WHAT IS EXPECTED: Your output should consist solely of the lines from the one holding "Aussicht vom Schneckenberg" to the end of the records below, inclusive, reproduced exactly and free of pictures.

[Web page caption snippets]
*-*-*
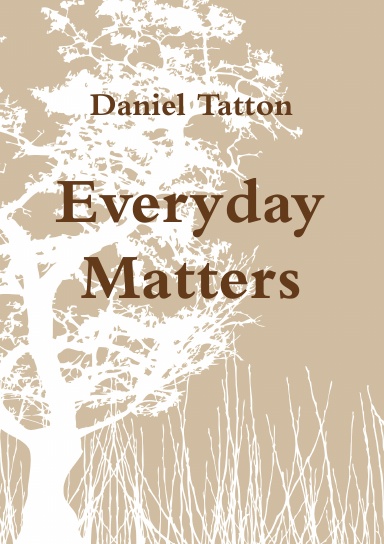 Everyday Matters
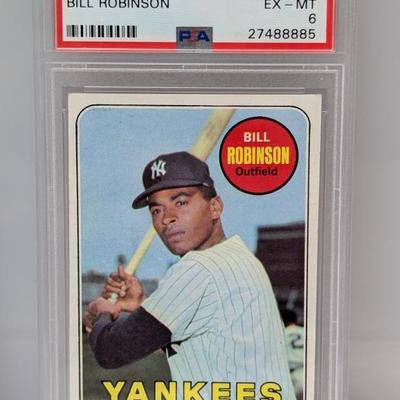 Sale Photo Thumbnail #245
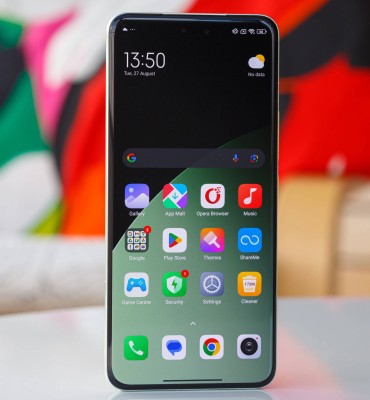 تقارير جديدة تزعم xiaomi 15 civi غير قادم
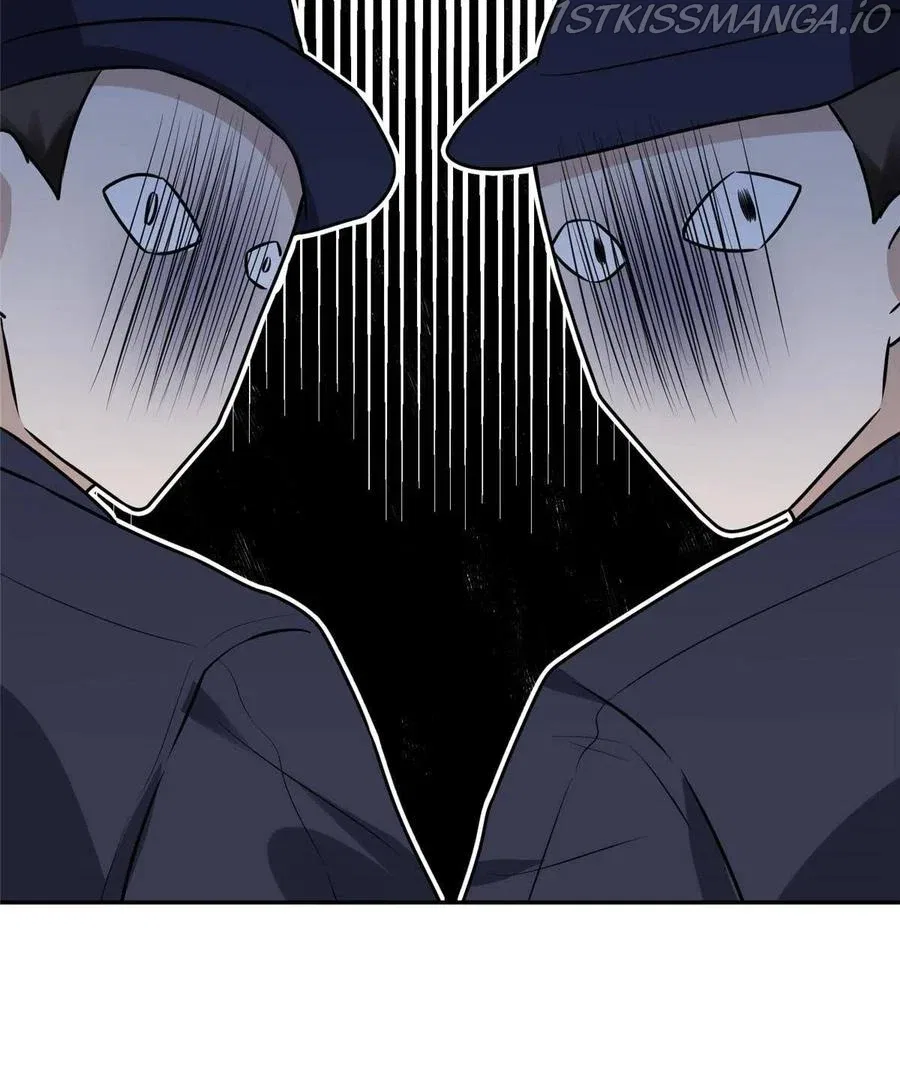 Hurdles to provocative Chapter 103 – Page 9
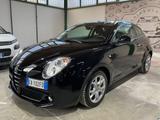 Alfa Romeo MiTo 1.4 105 CV M.air S&S Distinctive - gebrauchte Alfa Romeo MiTo aus dem Jahr 2010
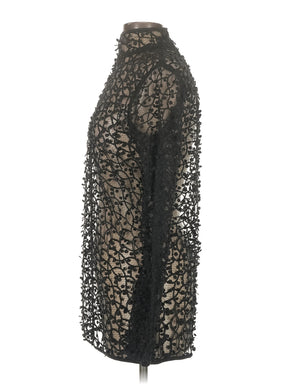 4 size - 36 (EU)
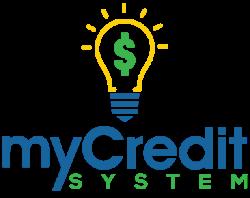 Take control of your Credit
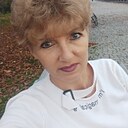 Знакомства: Наташа, 53 года, Харьков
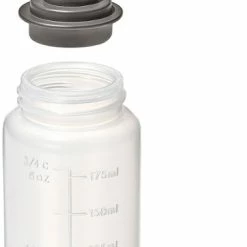 OXO Outdoor Leakproof Squeeze Bottle Set -Water Shop 0d837dfd 8ca5 459c 83dd 4dce725fa3e4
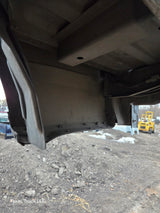 2017-2022 Ford F250 F350 Super Duty 6' 9" Short Truck Bed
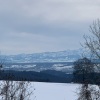 Aussicht vom Schneckenberg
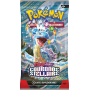 Pokémon Booster Ev07 Couronne Stellaire POKEMON Ikaipaka jeux &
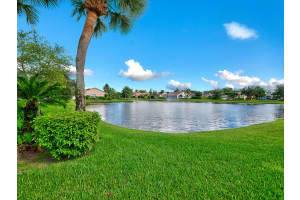 8614 Eagle Run Dr, Boca Raton, FL 33434, Sold 01/14/19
*-*-*
ANSWER AREA:
 Aussicht vom Schneckenberg
 Pokémon Booster Ev07 Couronne Stellaire POKEMON Ikaipaka jeux &
 8614 Eagle Run Dr, Boca Raton, FL 33434, Sold 01/14/19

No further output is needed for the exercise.